I mean it’s (a) real and (b) flying on Mars!!!!  Flying! On Mars!  This is what robots are supposed to be!

Down here on Earth, there are lots and lots and lots of robots and robot projects.  I’ll call attention to a few that stand out by not following the herd:

  • Ibex – I want a robot I can ride.  With horns!
  • Wheelbot – how does this even work?  It’s magical.
  • Volodrone – one of the winners in the “that’s not big enough!” department!

But I’m going to tip my hat to the prohibitive favorite: The land of Real Gundam.

As my post indicated:  the purpose of this device is to BE AWESOME.  Why did we build it?  BECAUSE WE COULD.

Now THAT’S what I call a robot!


Dave Barry Tribute Band Names

As always, I noted ideas for band names, taken from real science and technology articles.

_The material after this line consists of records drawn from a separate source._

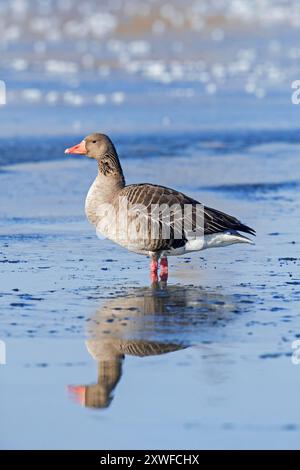 Oca Greylag / oca grigia (Anser anser) in piedi sul ghiaccio del lago ghiacciato in inverno Foto Stock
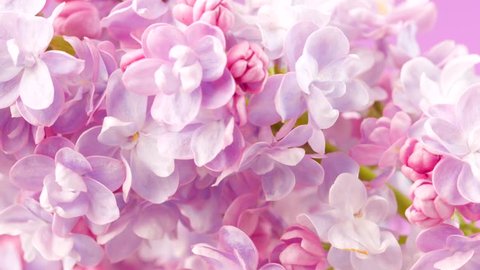 Tím là màu sắc của tình yêu và sự lãng mạn, và hoa lilac đích thị là biểu tượng của tình yêu thương đấy. Những bông hoa này sẽ khiến bạn say đắm với màu sắc và hương thơm tuyệt vời của chúng. Hãy xem hình ảnh về hoa sắc tím và cảm nhận sự tuyệt vời này.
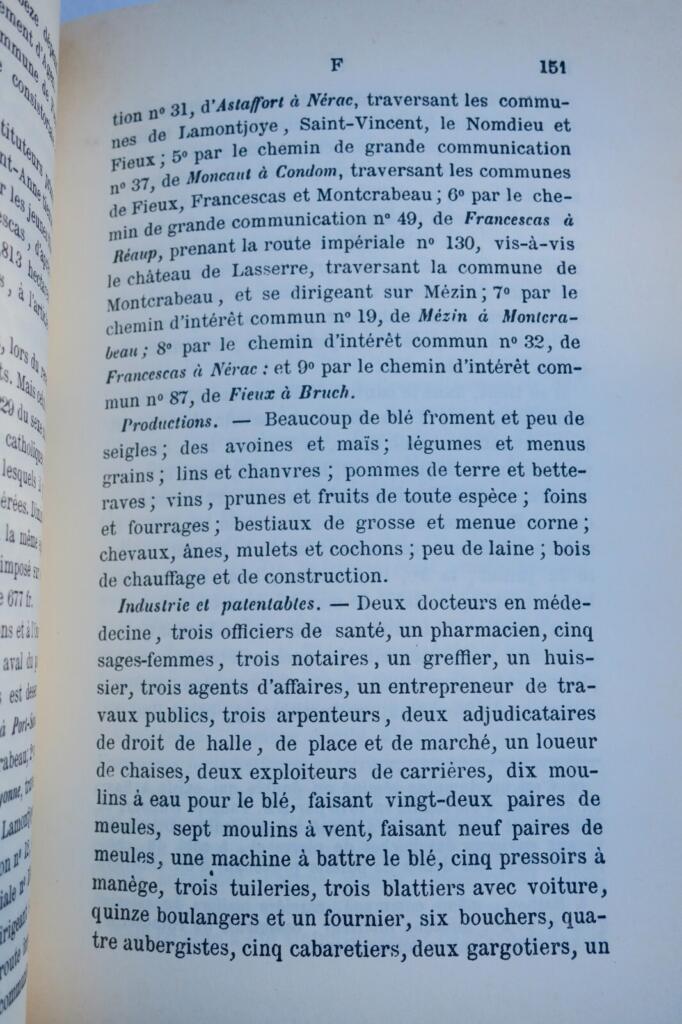 Geographic, historical and archaeological dictionary of Nérac district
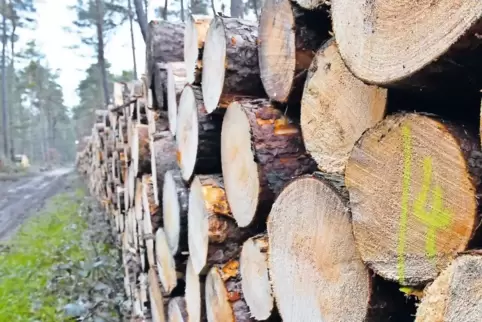 Rund 4500 Festmeter Holz werden pro Jahr im Gemeindewald eingeschlagen.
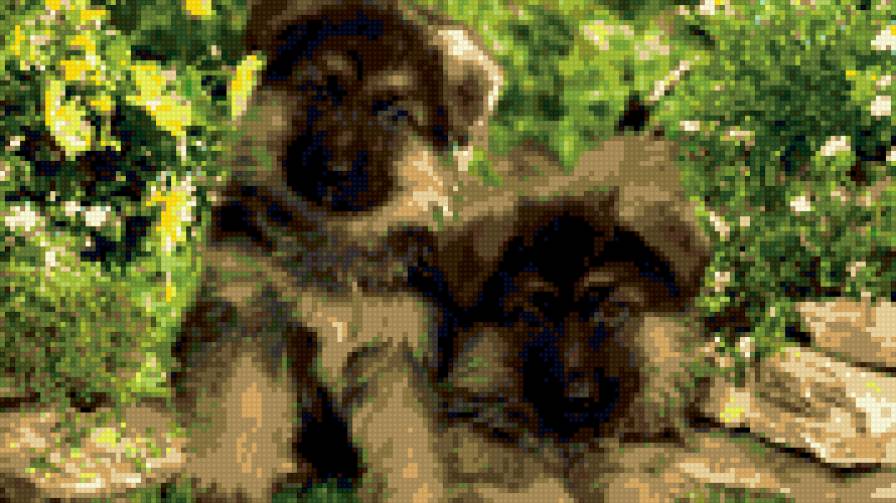 щенки - щенки, собака, животные - предпросмотр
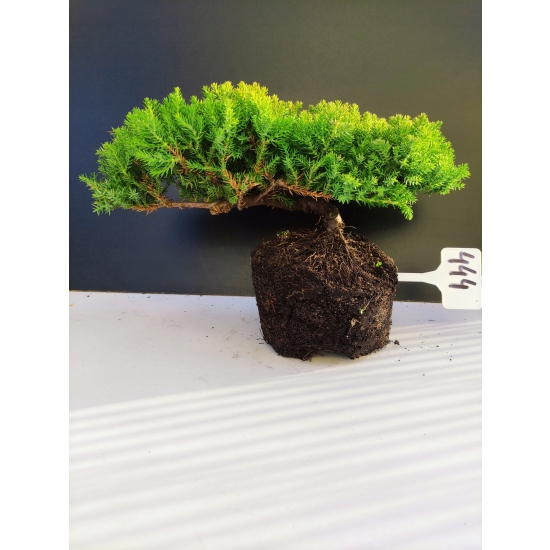 Żywe Drzewko Bonsai Jałowiec Rozesłany Procumbens 10-letni +GRATIS 444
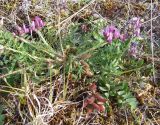 Oxytropis sordida. Цветущее и плодоносящее растение. Кольский полуостров, Восточный Мурман, пос. Дальние Зеленцы. 04.08.2009.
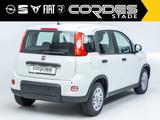 Fiat Panda Pandina City Paket 1.0 Mild Hybrid PDC Kli - Fiat Panda Gebrauchtwagen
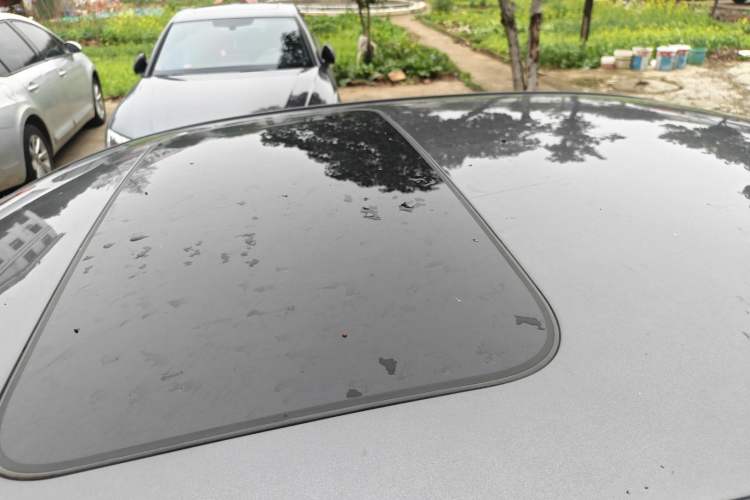 Used Changan Ruicheng CC 2022 Blue Whale Edition 1.5T DCT Luxury Model
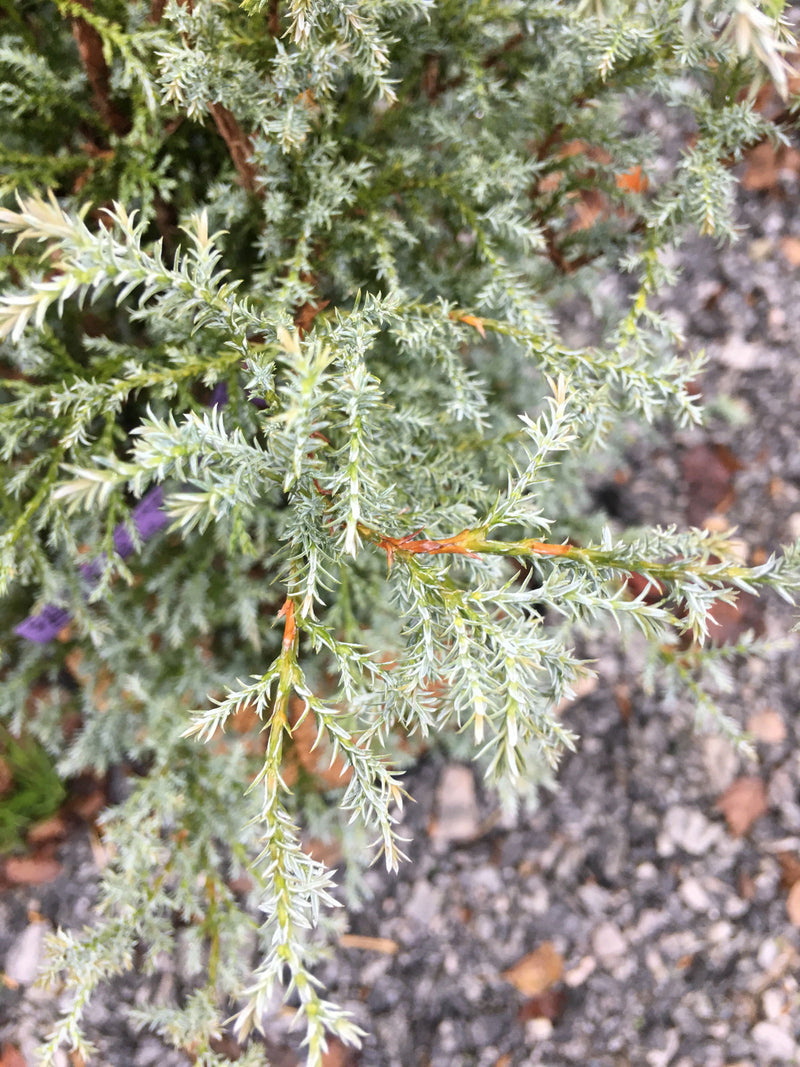 - Chamaecyparis pisifera 'Steel Wool' Dwarf Sawahara Cypress - Mr Maple │ Buy Japanese Maple Trees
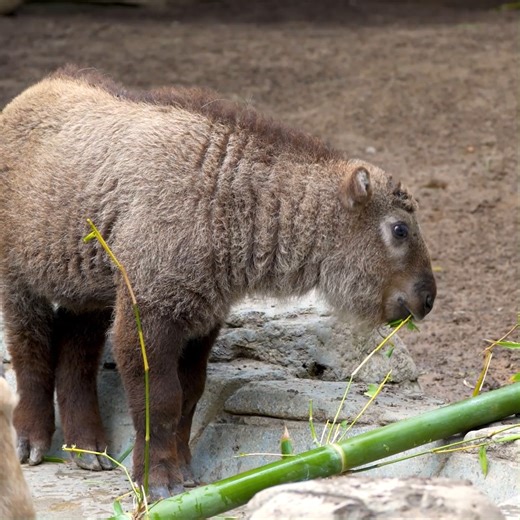 26K views · 336 reactions | This little cutie named Jin Tong is a...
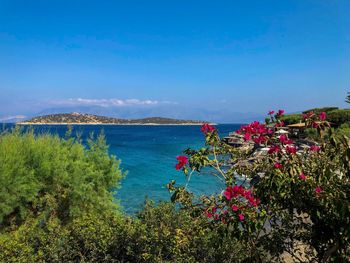 Scenic view of sea against blue sky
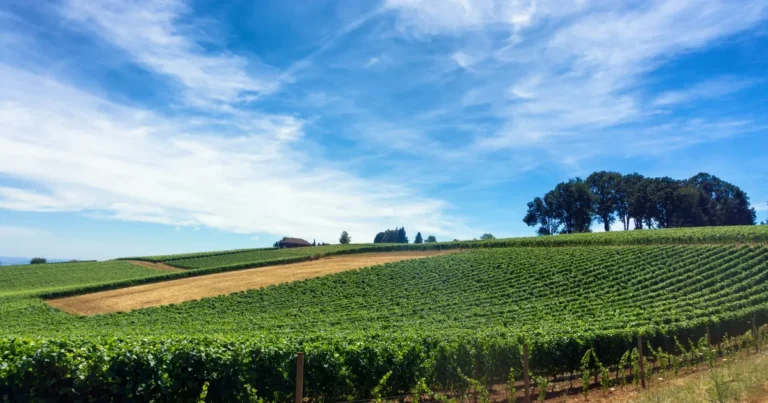 Rogue Valley Wine Country From Klamath Falls: A Harvest-Season Guide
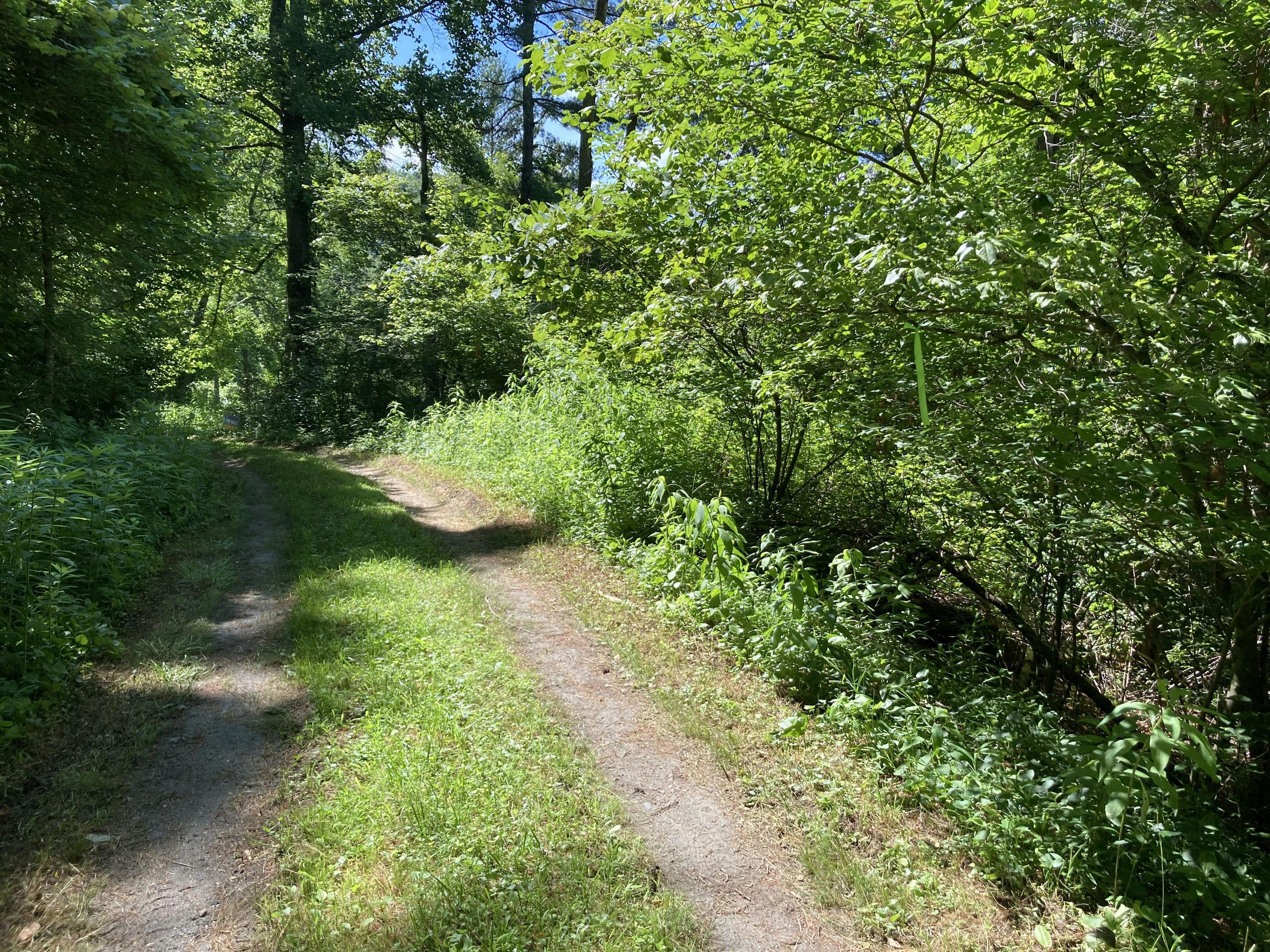 RA_31_Forest_Path_With_Lush_Green_Undergrowth.jpeg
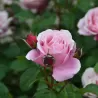 Rožė - Rosa SOEUR EMMANUELLE ® 2026 m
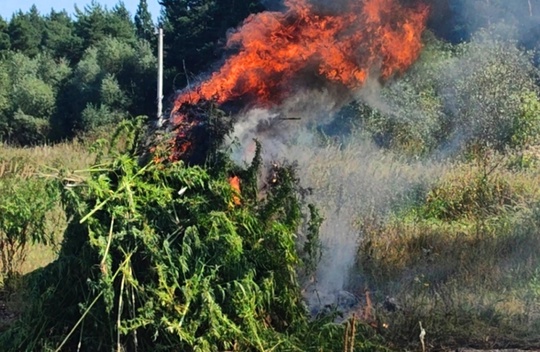 ⚡⚡⚡ Полтонны конопли уничтожили в Луховицах 
 
🌱 Сотрудникам..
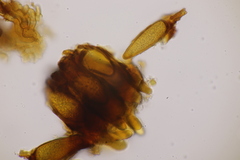 Bartheletia paradoxa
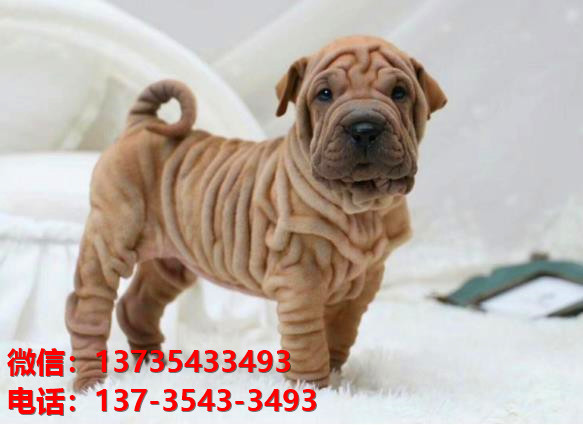 湖南长沙犬舍 出售纯种沙皮狗正宗健康宠物狗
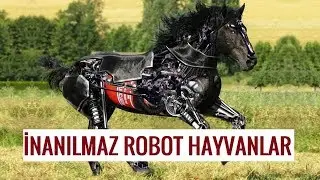 MUHTEŞEM ROBOT HAYVANLAR..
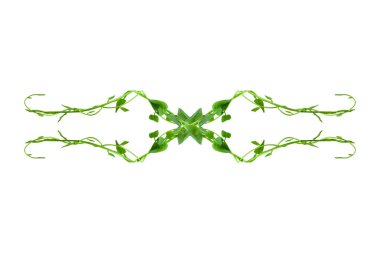 Çiçek Tasarımı. Kırpılmış orman sarmaşıkları, kalp şeklinde yeşil yapraklı liana bitkisi, beyaz arka planda izole edilmiş, kırpma yolu da dahil. HD Resim ve Büyük Çözünürlük. arkaplan ve duvar kağıdı olarak kullanılabilir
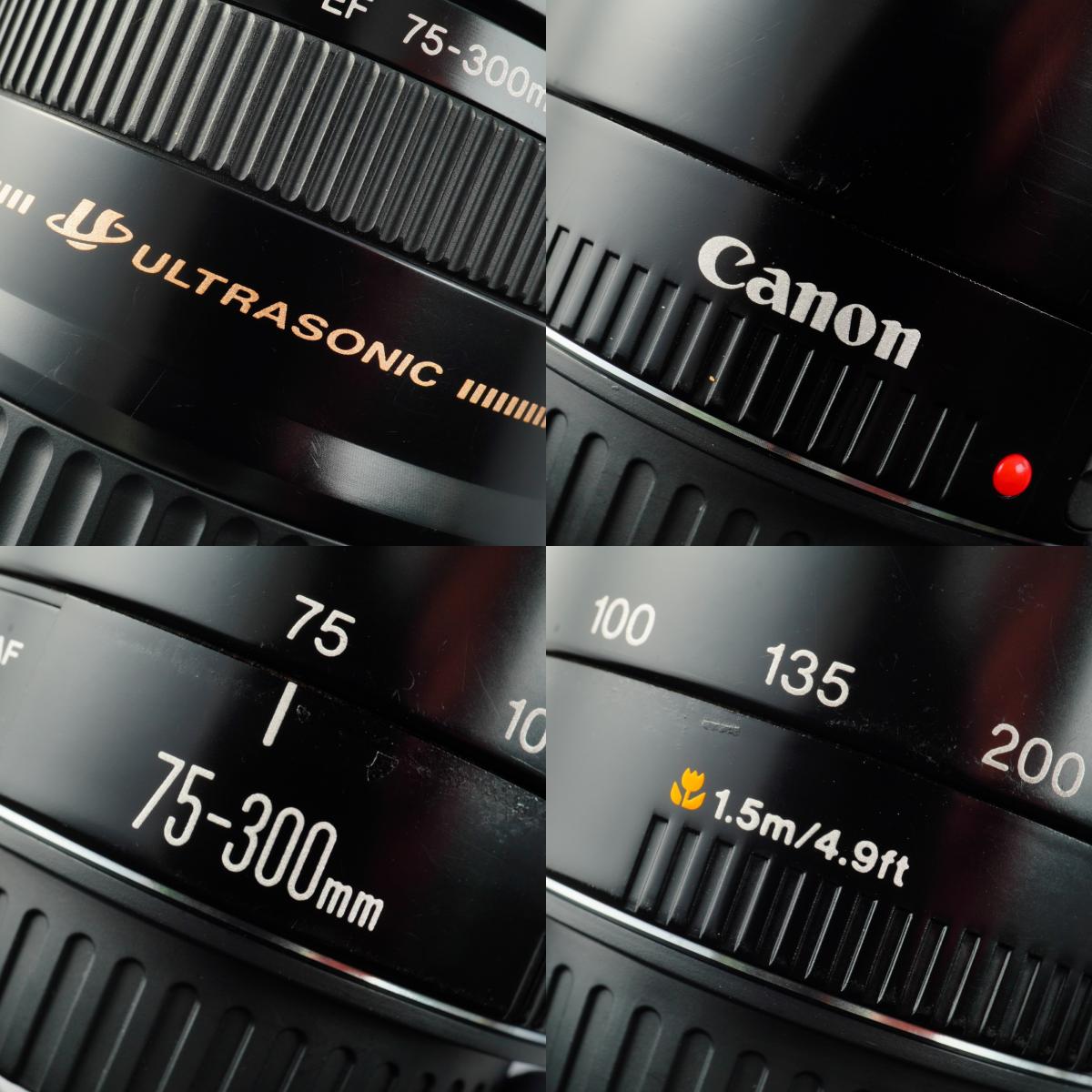 Canon EF 75-300mm F/4-5.6 USM ズームレンズ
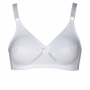 SOUTIEN RENDA RFª.409
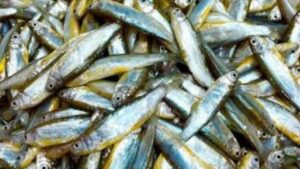Cooking Tips no more hassle cleaning Mourala fish learn the easy technique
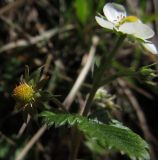 Fragaria viridis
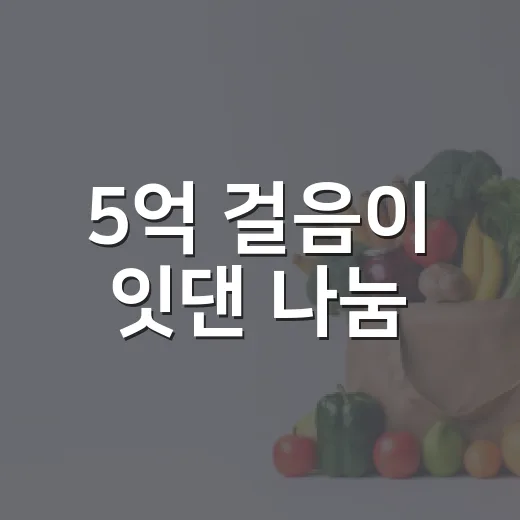5억 걸음이 잇댄 나눔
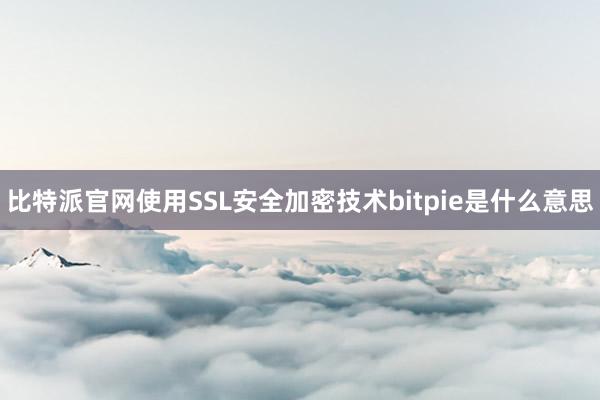 比特派官网使用SSL安全加密技术bitpie是什么意思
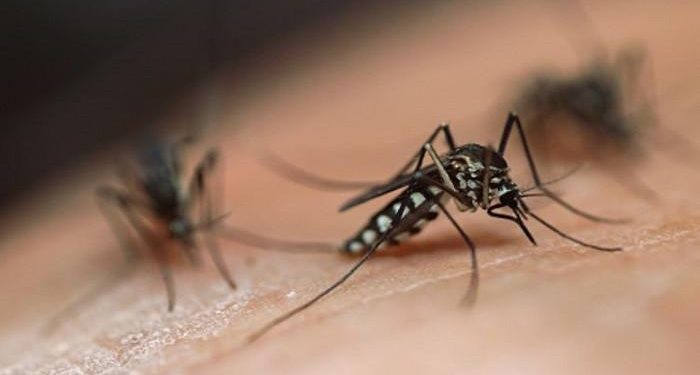 Perubahan Iklim Berperan dalam Evolusi Parasit di Tubuh Nyamuk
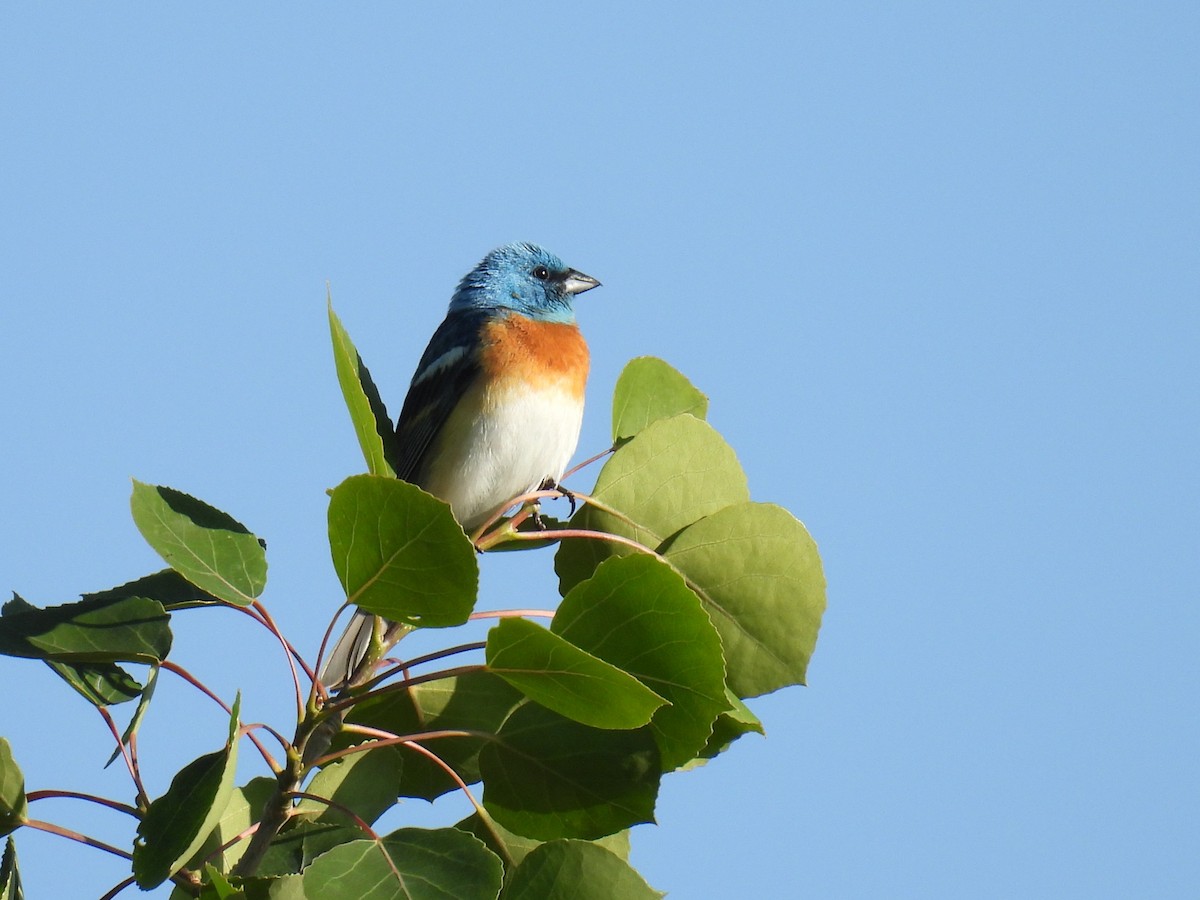 Lazuli Bunting - ML637352235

Let me pick a couple of favorites:

Trilobite Eyes
Fluidic innervation

Most of this years list:

Ankylosaur’s Tail-Club
Ankylosaur’s Hair Club
Leidenfrost effect
Structured Thermal Armour
Embayment
Foehn wind 
Fluidic innervation

Sensorize
Ultrafast
Energy exchange
Two single Rydbergs
A jumping reaction wheel unicycle
Non-holonomic
Under-actuated dynamics
Two unstable degrees of freedom
Self-erection
Disturbance rejection
While balancing
Entanglement purification
Doubling architecture
Quantum memories
Entanglement fidelities
Brain slosh reductions (This should be a cocktail)
Contactless Fabrication
Full Acoustic Trapping
Elongated Parts
Speculative Side-channel Attack
A Forward Speculative Interference Attack
Reorder Buffer Contention
Speculation-invariant instructions
Delay-on-miss
Trilobite Eyes
Metalens
Extreme Depth of Field
Boasts Huge


Books

As always, I read continuously and posted weekly book reviews.  This year I reviewed 22 non-fiction and 55 fiction.

Some Best Books

This year I read most of new fav Mick Herron’s Slough House, as well as recurring favs Stross, Aaronovitch, etc.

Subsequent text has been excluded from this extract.